Este agente enteropatogênico conhecido sob a designação abreviada de EPEC era
um dos mais importantes agentes causadores de diarreia aguda em lactentes
provenientes de famílias de baixa renda, especialmente dentro do primeiro ano
de vida, e também em unidades neonatais devido ao alto grau de contaminação
cruzada transmitida pelas mãos dos profissionais de saúde, ao manusearem os
recém-nascidos, decorrente da higienização inadequada. As cepas de EPEC eram
altamente virulentas, causavam persistência da diarreia associada a
intolerâncias alimentares e altas taxas de mortalidade. Este era o panorama
mais frequentemente vivenciado em nossas enfermarias de Pediatria naqueles anos
e representavam um enorme desafio a ser enfrentado para o manejo exitoso desses
casos. Em virtude dos interesses comuns que ambas as áreas do conhecimento
encerravam, da minha parte a atuação como clínico e a do Prof. Trabulsi, a
Microbiologia, nos levaram à produção de um ciclo virtuoso. De fato, esta
associação foi se tornando cada vez mais intensa e resultou na criação do
“Clube da Flora”, em fevereiro de 1975. A finalidade primordial deste relacionamento
foi a de estabelecer uma colaboração recíproca entre os docentes de ambas as
Disciplinas, com o objetivo precípuo de discutir e aprofundar os conhecimentos
sobre os agentes enteropatogênicos e suas repercussões fisiopatológicas sobre o
hospedeiro. No período compreendido entre 1977 e 1994 foram publicados 17
trabalhos em revistas indexadas, fruto desta profícua associação. A
materialização desta comunhão de esforços está definitivamente selada nos
inúmeros trabalhos de investigação, publicados nos mais importantes periódicos
de pesquisa nacionais e internacionais, tais como: Jornal de Pediatria, Revista
Paulista de Pediatria, Revista Paulista de Medicina, Arquivos de
Gastroenterologia, Brazilian Journal of Medicine and Biology Research, Revista
do Instituo de Medicina Tropical de São Paulo, entre as nacionais; Malnutrition
in Chronic Infantile Diarrhea, Bacterial Diarrheal Diseases, Revista Médica do
Chile e Infection and Immunity, entre as internacionais. Além disso, há também
que se considerar as várias teses de Mestrado e Doutorado resultantes este
trabalho associativo, a saber: Tânia Viaro, Lenora Gandolfi Schimitz, Marly de
Almeida Pedra, Aristides Schier Cruz, Arelis Lleras e Eriberto Fernandez
Jaramillo, teses de Mestrado; Fernando
Fernandes, Maria Ceci do Vale Martins e Lenora Gandolfi Schimitz, teses de
Doutorado. Concomitantemente aos ganhos científicos oriundos destes novos
conhecimentos adquiridos, pudemos acima de tudo, pois era essa a meta
primordial, oferecer os melhores cuidados assistenciais aos nossos pacientes,
que ficaram comprovados pela drástica diminuição das taxas de mortalidade e
também pelo menor tempo de duração da enfermidade (Figura 1).
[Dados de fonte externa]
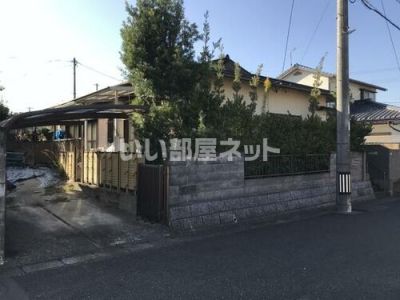 宗像市朝野の外観画像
Figura 1- Da esquerda para a direita
Eriberto Fernandez, Prof. Trabulsi e eu em Valdivia, Chile, em 1992, durante um
Simpósio sobre Agentes Enteropatogênicos.
Infelizmente, em um dado momento ocorreu a
aposentadoria do Prof. Trabulsi, e aí pareceria que a colaboração com a
Disciplina de Microbiologia estaria sob o risco de findar. Entretanto, para
minha alegria, não foi o que ocorreu, aliás, não somente não findou como
inclusive se aprofundou, e, além disso, agregou-se mais uma colaboração de
inestimável valor, pois envolveu também o setor da Microscopia Eletrônica. Foi
a partir de 1994 que entraram nesta estória duas profissionais extremamente
competentes e profundamente comprometidas com a produção do conhecimento.
Tratam-se das Professoras Isabel Scaletsky e Edna Haapalainen, a primeira
Microbiologista, discípula do Prof. Trabulsi, e a segunda expert em Biologia Celular. A partir desta nova composição eu pude
voltar a exercer meus conhecimentos de biologia celular que estavam inativados
desde que eu havia assumido a chefia do Serviço de Pediatria do Hospital
Umberto Primo, por absoluta falta de tempo. Esta associação tornou-se ainda
mais profícua que a anterior, posto que passamos a utilizar conjuntamente os
recursos da investigação clínica, da microbiologia e da biologia celular.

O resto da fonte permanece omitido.